À l’initiative de l’UNIIC, La responsabilité sociétale des entreprises (RSE) est au cœur d’une démarche pilotée par Valérie Bobin (Agefos PME-CGM) avec le concours de Benoit Moreau (Ecograf). L’objectif : identifier les enjeux prioritaires pour le secteur et construire sur cette base une stratégie collective. Entretien et explications auprès de Valérie Bobin :
Comment est née l’idée de mettre sur pied une stratégie sectorielle RSE dans les industries graphiques ?

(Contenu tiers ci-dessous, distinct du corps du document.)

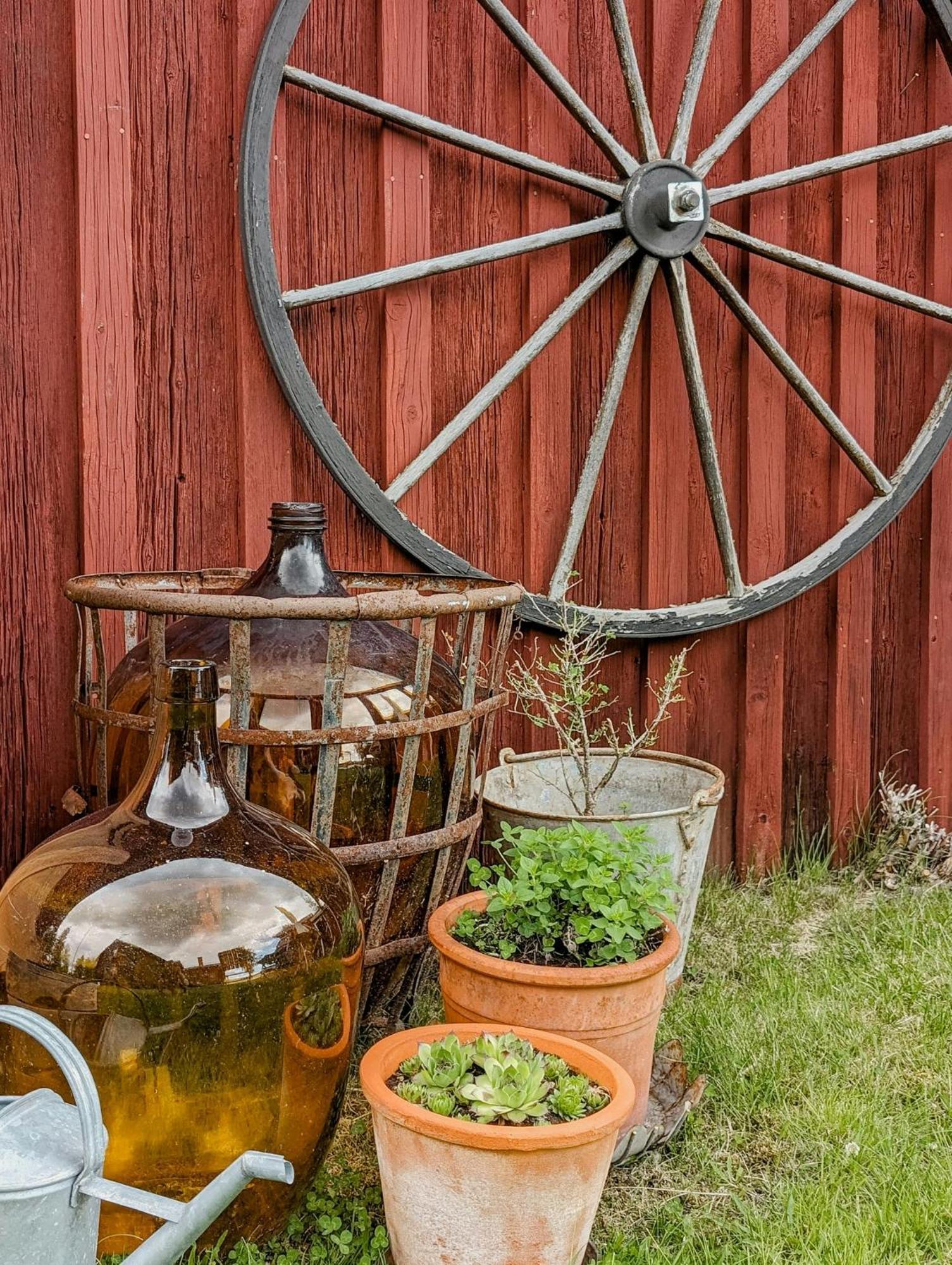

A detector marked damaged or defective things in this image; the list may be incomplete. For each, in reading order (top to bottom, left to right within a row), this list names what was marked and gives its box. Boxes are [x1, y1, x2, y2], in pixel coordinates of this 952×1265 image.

rusty metal band [73, 693, 506, 739]
rusty metal cage basket [61, 574, 521, 1017]
rusted metal object on ground [65, 574, 521, 1017]
rusty metal band [331, 810, 478, 870]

La branche travaille depuis au moins 20 ans sur différents projets environnementaux et il y a une demande en ce sens des donneurs d’ordre. Dans le même temps, la règlementation évolue sur la RSE (même si dans l’immédiat, l’obligation de produire annuellement un rapport RSE, ne concerne que les entreprises de plus de 500 salariés dépassant un certain seuil de chiffre d’affaires) et l’un des axes porte sur les achats responsables. On demande donc aux donneurs d’ordre de « promouvoir la RSE » auprès de leurs fournisseurs. Cela peut se traduire par le renforcement de critères RSE dans des appels d’offre, par l’envoi de questionnaires aux fournisseurs, etc. Sachant que la RSE couvre un domaine extrêmement large : il est clair que sur le strict aspect « environnement », le secteur a déjà beaucoup avancé, mais c’est sur les dimensions sociales et sociétales qu’une demande est en passe de se développer. A ce jour, sur le terrain, cette demande n’existe quasiment pas, mais on peut d’ores et déjà anticiper sur le fait que ça ne durera pas…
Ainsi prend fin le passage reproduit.